What is the Service Application Manual?


----------



## mechanicalDvr (Jun 25, 2009)

jb8103 said:


> They have a student membership for half dues. Is it worth it? What does this mean:
> 
> What is the Service Application Manual?


The best written info on service and installation of HVACR equipment you will find. It is updated constantly.


----------



## supertek65 (Oct 1, 2009)

i agree!



mechanicalDvr said:


> The best written info on service and installation of HVACR equipment you will find.

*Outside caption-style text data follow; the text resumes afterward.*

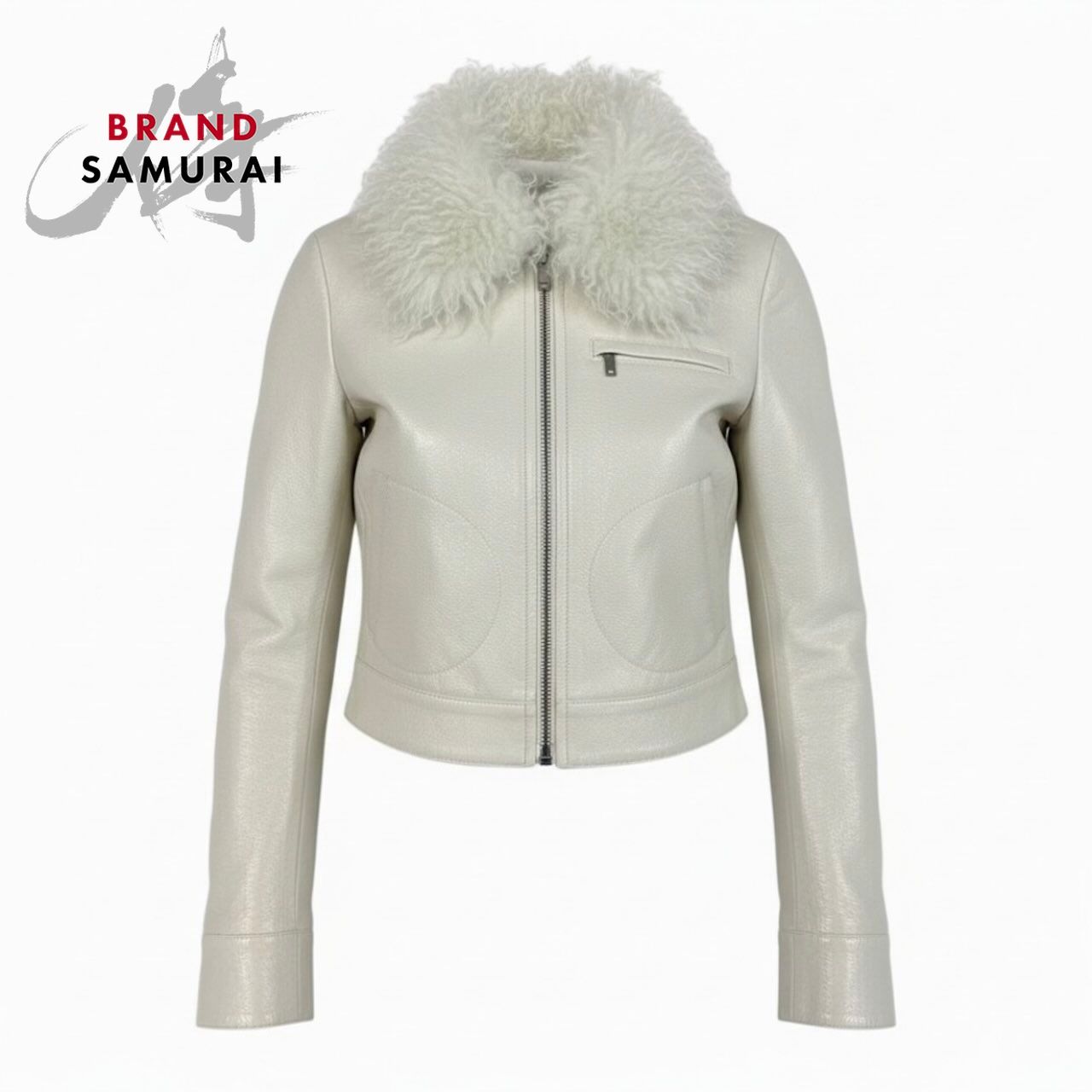 Courrèges ホワイトレザージャケット 38(バレンタインセール14日迄) 新品未使用 courreges クレージュ オフホワイト コットン/ポリウレタン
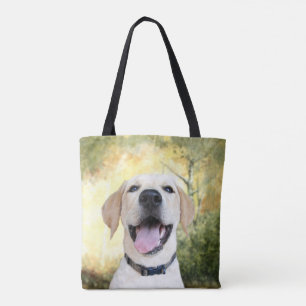 Happy young yellow lab tote bag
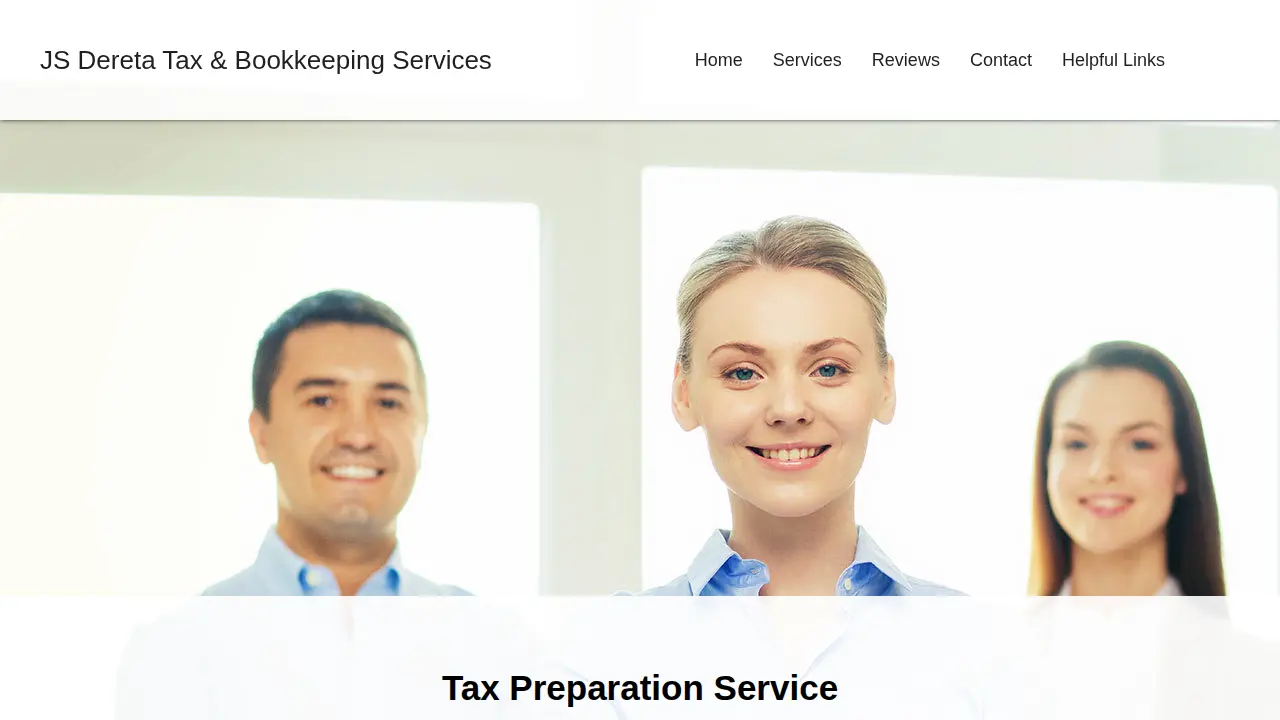 JS Dereta Tax & Bookkeeping Services page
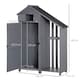 image 5 of Outsunny Wooden Garden Storage Shed with 3 Shelves, Outdoor Garden Tool Storage Cabinet with Tilt Roof, Firewood Rack Log Carrier, 129 x 51.5 x 180cm, Grey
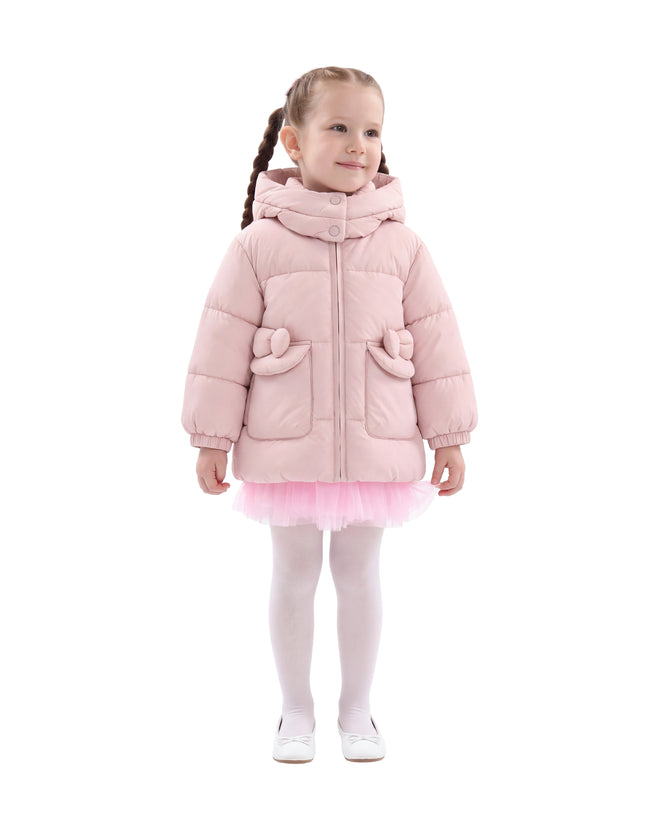 kids atelier mimi tutu Pink Bow-Detail Puffer Jacket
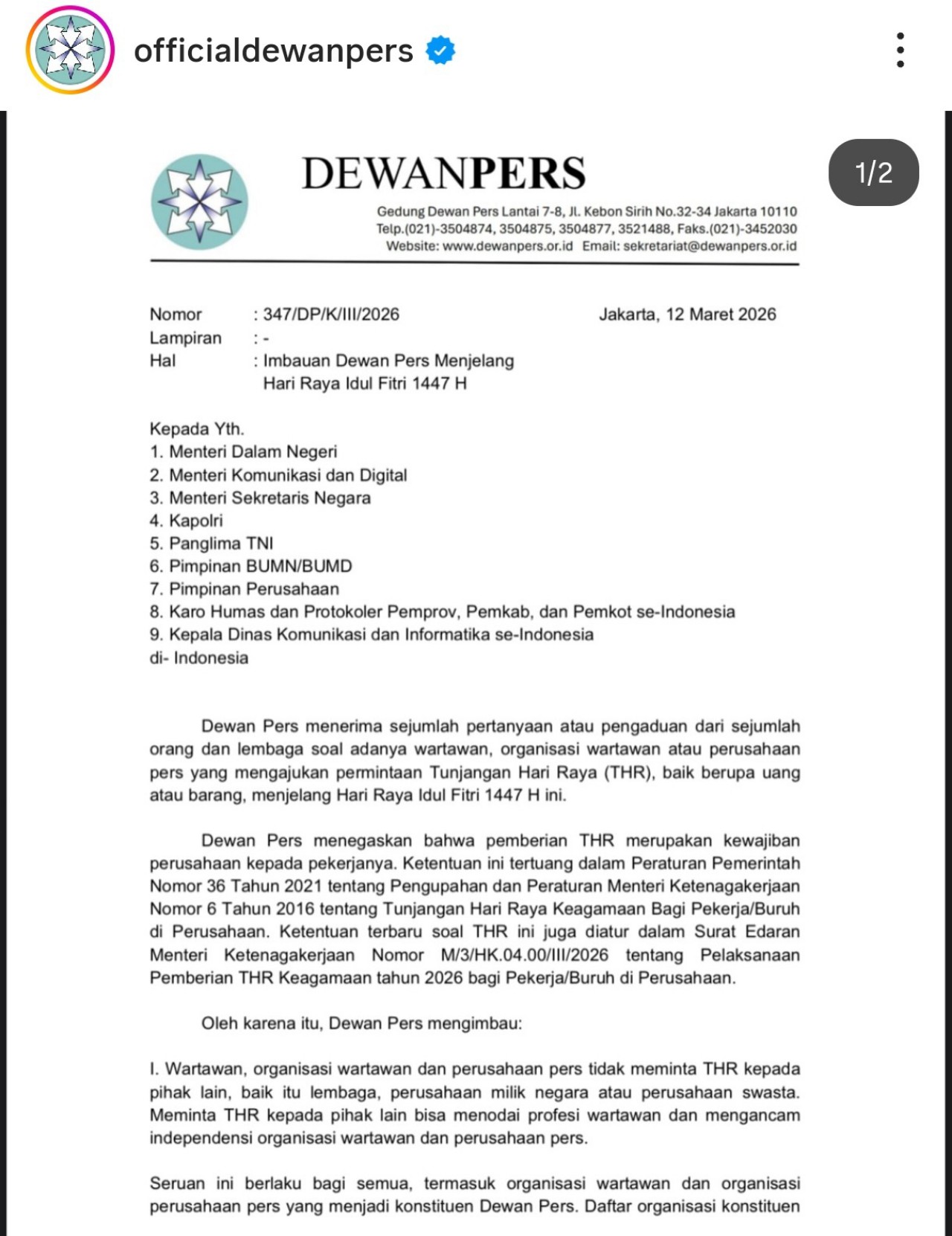 Dewan Pers Tegas: Wartawan dan Perusahaan Pers Dilarang Minta THR ke Instansi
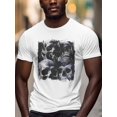thumbnail image 3 of Skull Vintage Men's T Shirts T-Shirt for Men Crew Neck Tees Cotton Tops, White, 3XL, 3 of 7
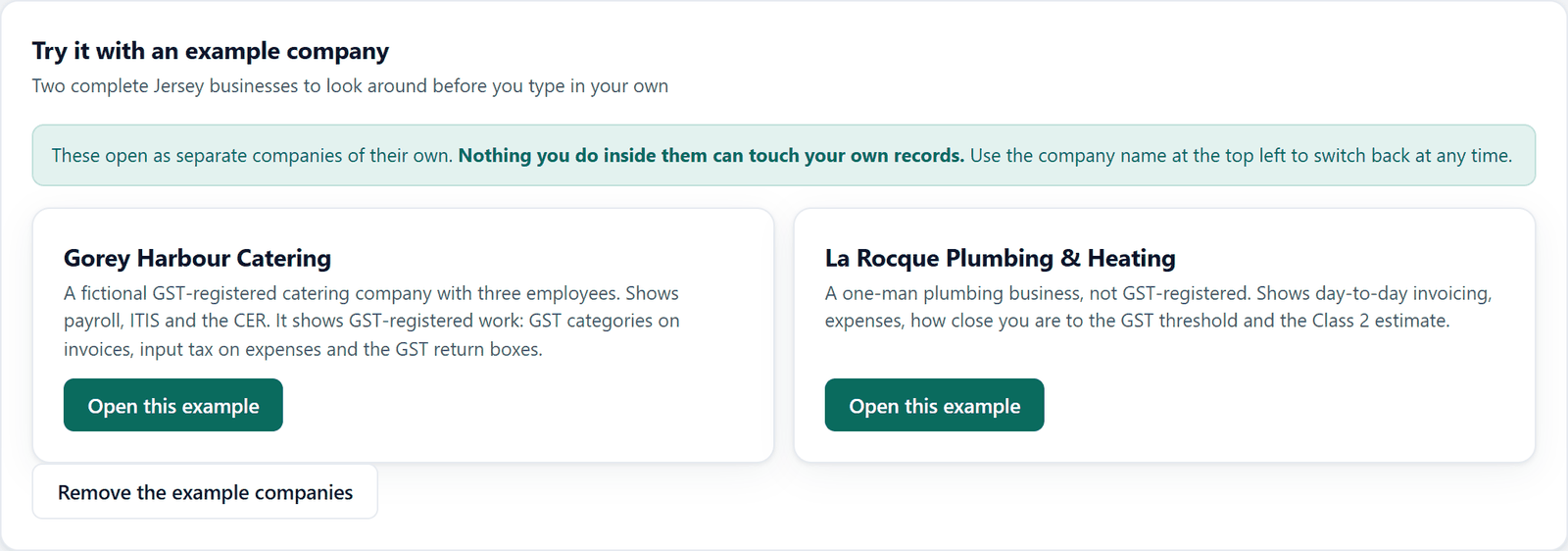 The panel offering the two example companies, with a button under each one.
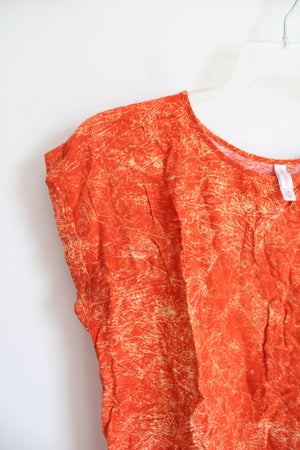 Xhilaration Orange Patterned Cuffed Sleeved Top | L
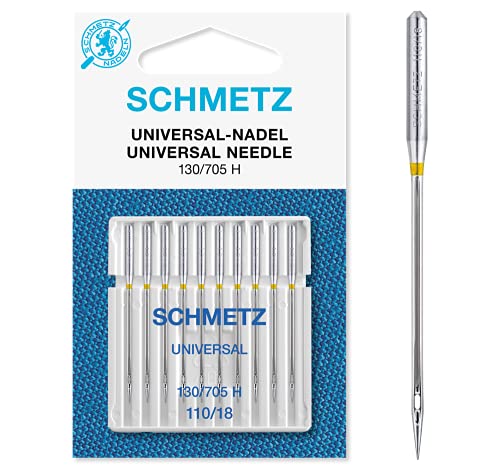 SCHMETZ Nähmaschinennadeln: 10 Universal-Nadeln, Nadeldicke 110/18, 130/705 H, auf jeder gängigen Haushaltsnähmaschine einsetzbar von SCHMETZ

It is updated constantly.


----------



## nicktech (Jun 22, 2009)

since '94!


----------



## supertek65 (Oct 1, 2009)

wow
thats good i have only been a member since 2000!:no:


nicktech said:


> since '94!


----------



## jb8103 (Sep 24, 2009)

What about a manufacturer's database? You know, like all the service manuals from Rheem and Trane and etcetera?


----------



## jb8103 (Sep 24, 2009)

I guess not. But is such a database available anywhere?


----------



## hvaclover (May 15, 2009)

Past president of Chap 150 and 33 year member.

SAM manuals are also online.

You won't find all the mfg's service manual in any body's data base, at least not legally as it is copy righted material.


----------



## Jeffrey Jay (Sep 22, 2009)

Been looking at that with my ammonia  background. 
How does that compare to ASHRAE though? 
I can't ($) do them all!


----------



## cool_air (Apr 7, 2010)

DuMass said:


> I've been a member for about 11 years now. I feel the annual membership fee is well worth it for the educational and informational aspects.


 I agree !!


----------



## phbsales (Feb 9, 2010)

I haven't looked into RSES or NATE. However, I am UA STAR certified. (Yeah, I'm a union man.) 

Flame on.


----------



## hvaclover (May 15, 2009)

phbsales said:


> I haven't looked into RSES or NATE. However, I am UA STAR certified. (Yeah, I'm a union man.)
> 
> *Flame on*.


 lol...


----------